(DATA SHOWN begins)

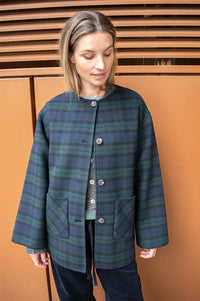 Yerse Checked Short Coat With Tasseled Scarf Detail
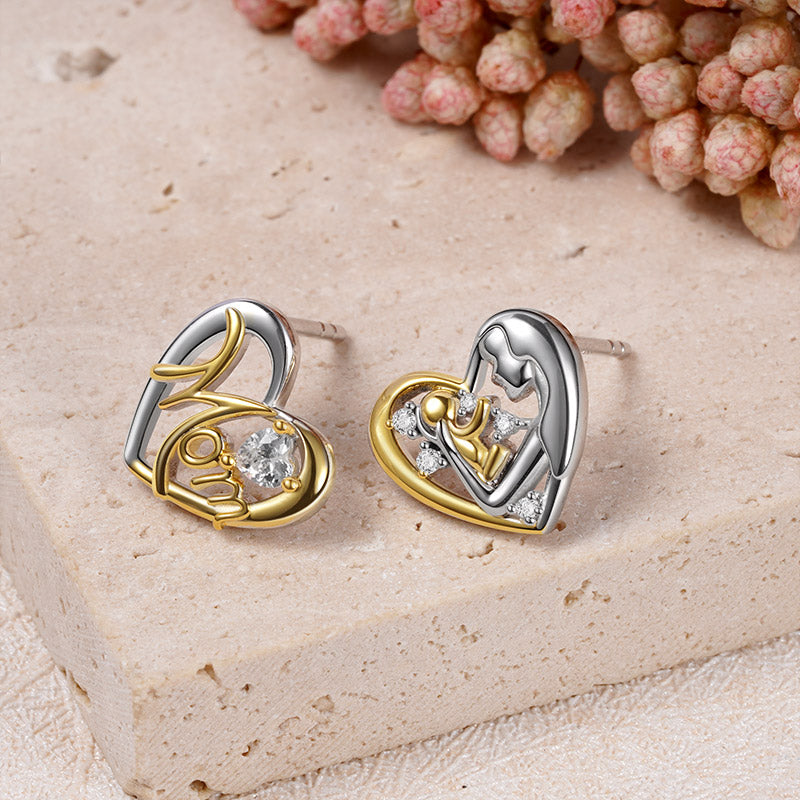 Mom Hugs Baby Ear Studs 925 Sterling Silver 18k Gold Plated Mother's Day Gift_2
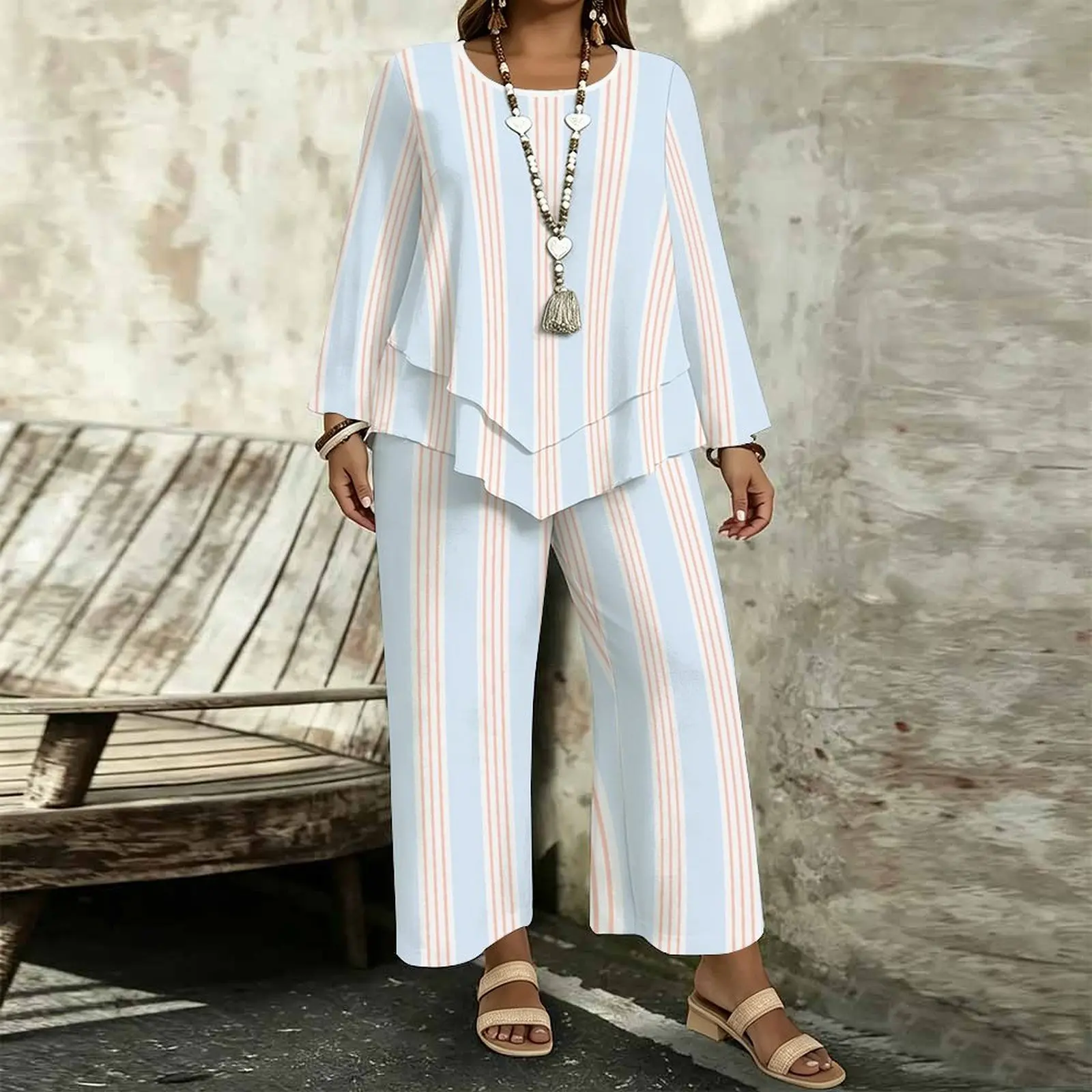 Plus Size Women Spring/summer Print Two Piece Set Street Vacation Long Sleeves Fashion Retro Tops Everyday  Casual Long Pants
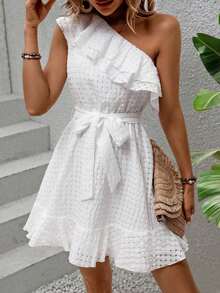Holidaya One Shoulder Ruffle Trim Belted Dress Vacation Beach Outfits Women - White - View 1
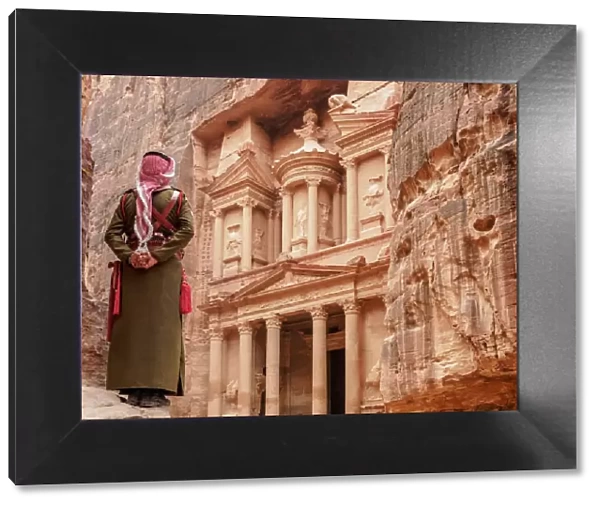 Jordanian Army Soldier in front of The Treasury, Al-Khazneh, Petra, Ma an Governorate
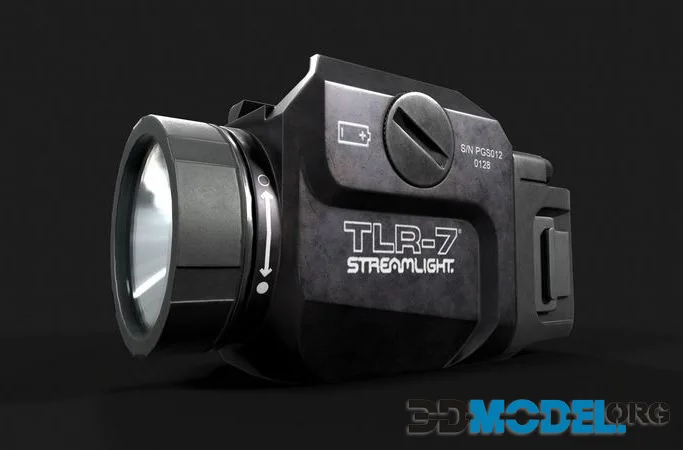 Streamlight TLR7 Compact Handgun Weapon Mounted Light low-poly (PBR)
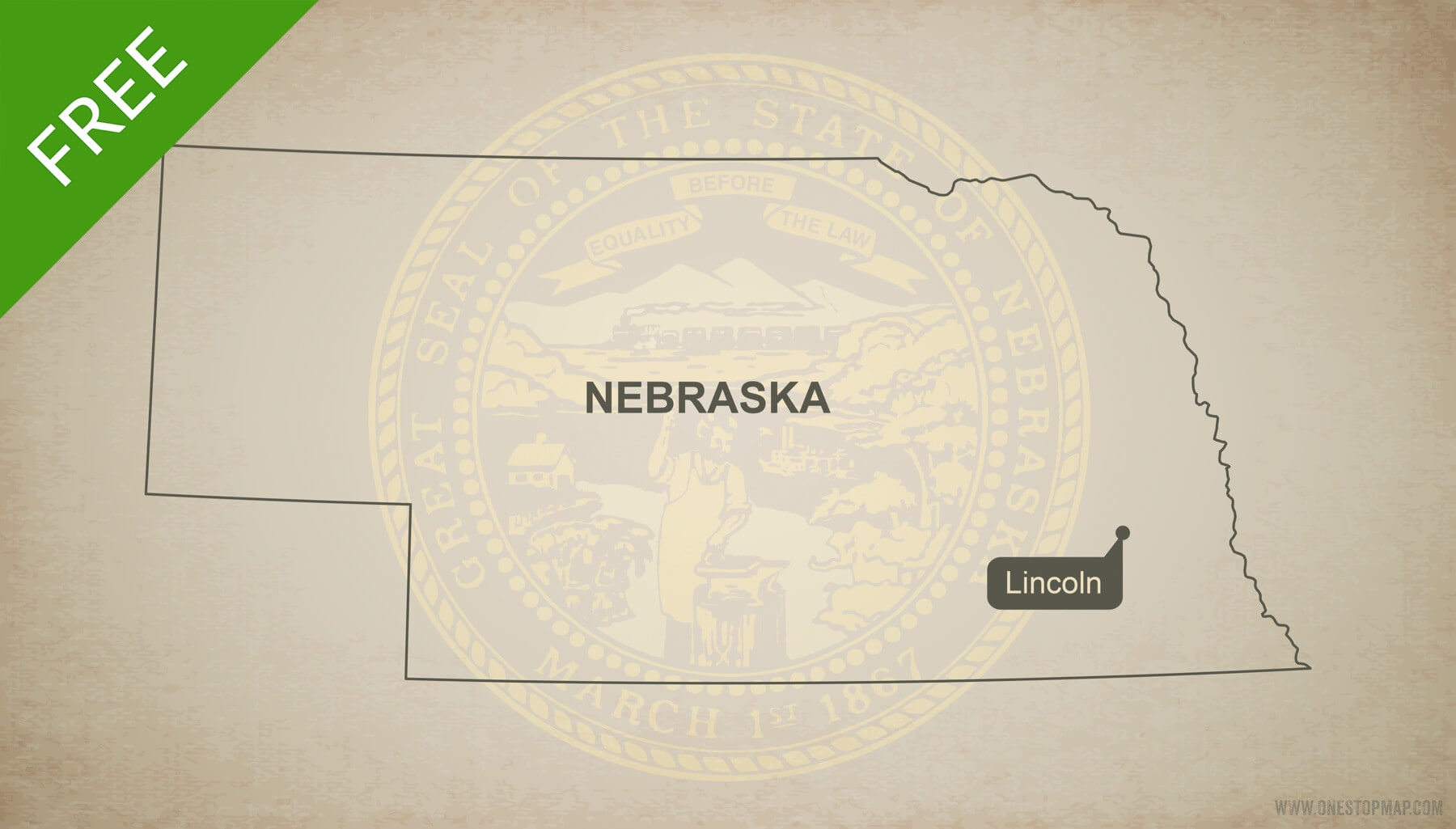 1800x1025 Free Vector Map Of Nebraska Outline One Stop Map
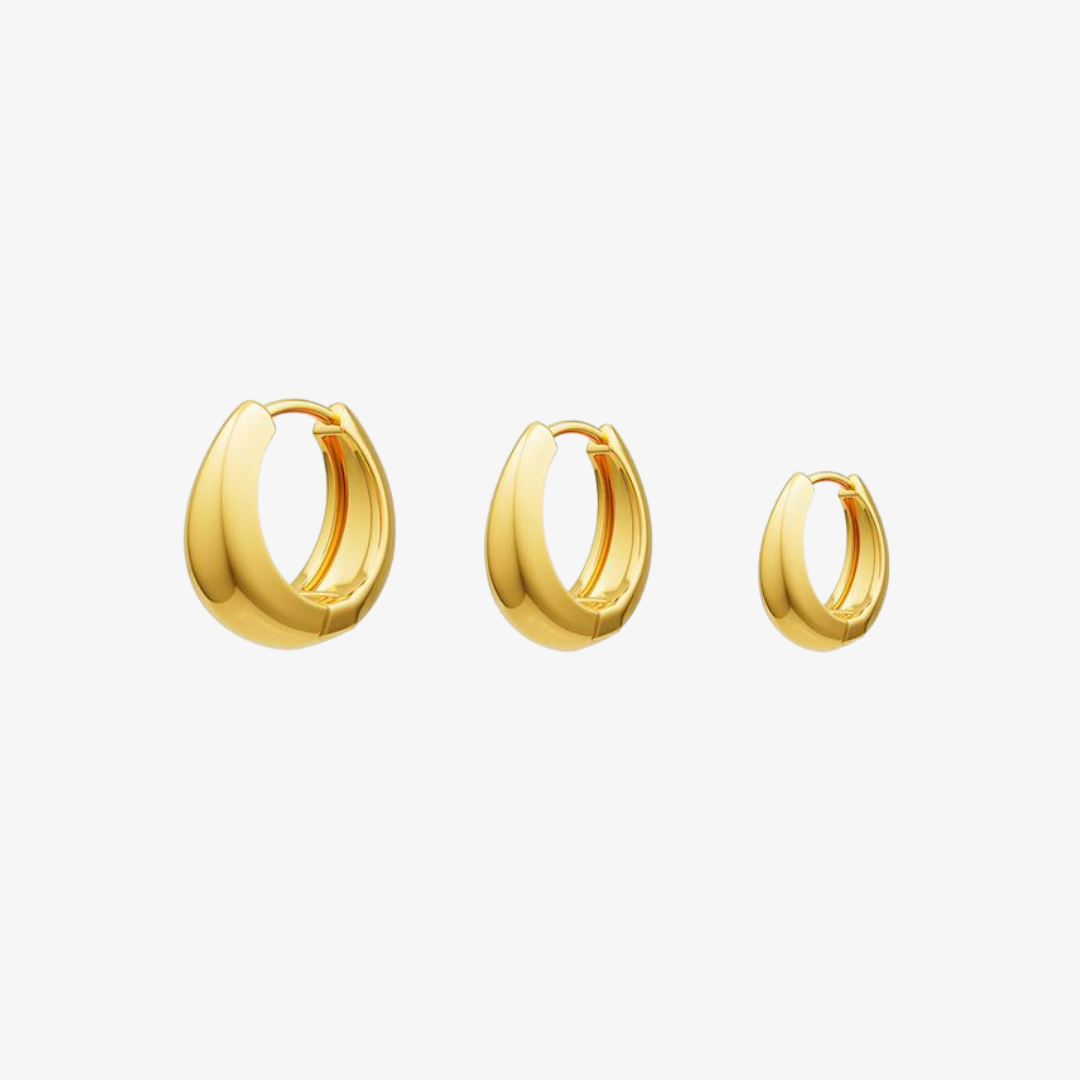 Essential Chunky Hoop Earrings Trio – Gold
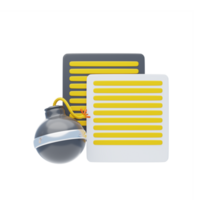 Fraud Document 3D Icon. Error Document File 3D Icon png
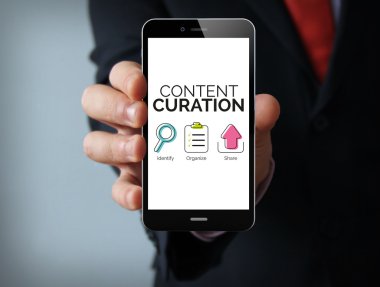 hand holding phone with content curation clipart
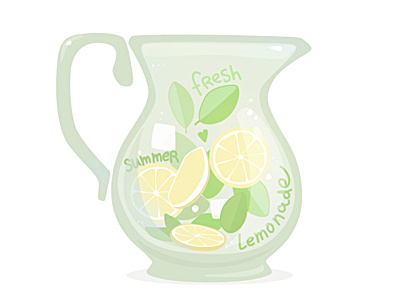 Fresh Summer Lemonade drink flat fresh glass ice lemon lemonade mint summer tasty vector water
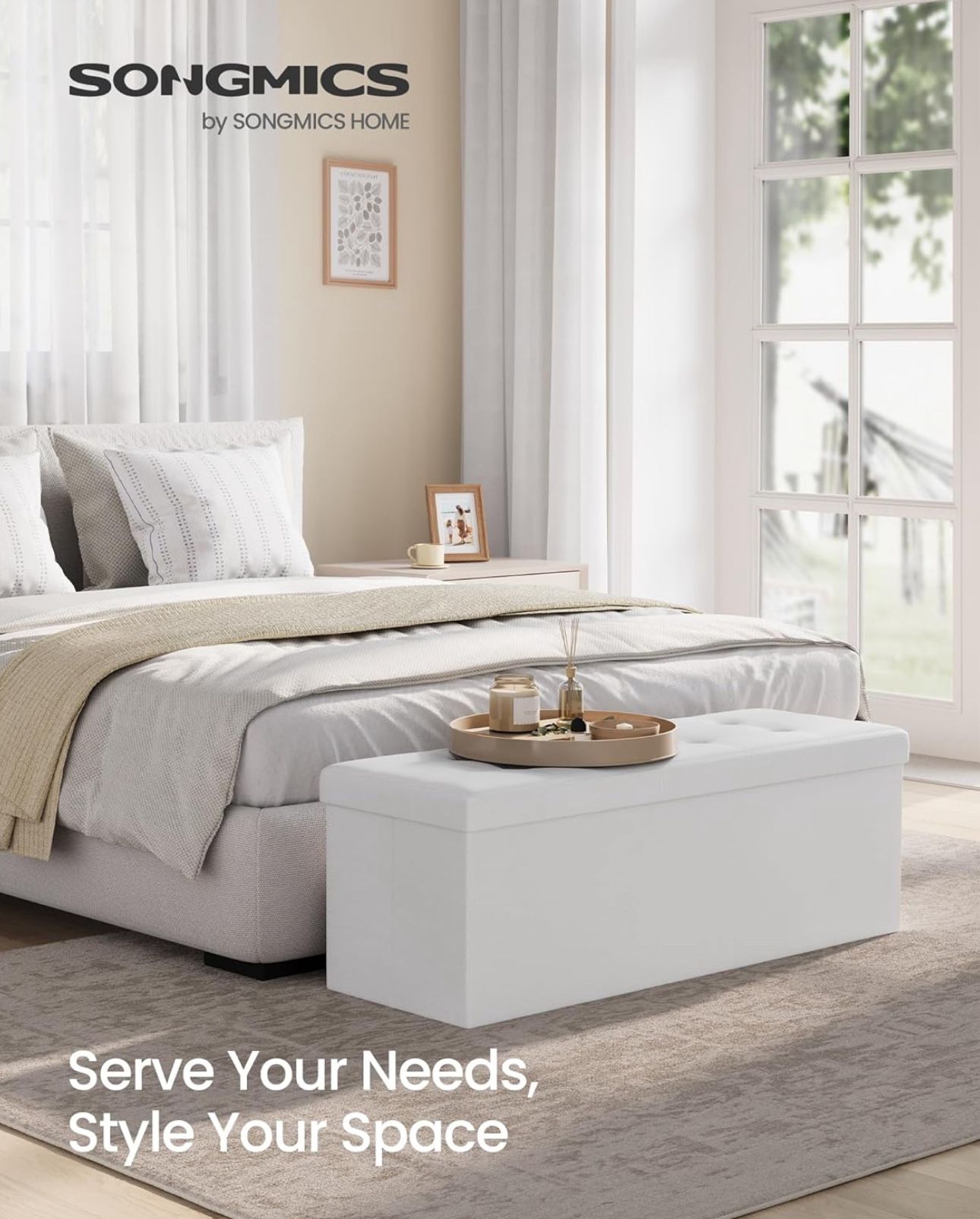 SONGMICS MAZIE Collection - 43 Inches Folding Storage Ottoman Bench, Ottoman with Storage, Foot Rest Stool, Load 660 lb, for Living Room, Synthetic Le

(DATA SHOWN ends)

### TASK DIRECTIONS
The line containing "1800x1025 Free Vector" and every line after it, through the end of the records, are what you should retype exactly. Do not include the pictures.

### WRITTEN ANSWER
 1800x1025 Free Vector Map Of Nebraska Outline One Stop Map
 Essential Chunky Hoop Earrings Trio – Gold
 Fraud Document 3D Icon. Error Document File 3D Icon png
 hand holding phone with content curation clipart
 Fresh Summer Lemonade drink flat fresh glass ice lemon lemonade mint summer tasty vector water
 SONGMICS MAZIE Collection - 43 Inches Folding Storage Ottoman Bench, Ottoman with Storage, Foot Rest Stool, Load 660 lb, for Living Room, Synthetic Le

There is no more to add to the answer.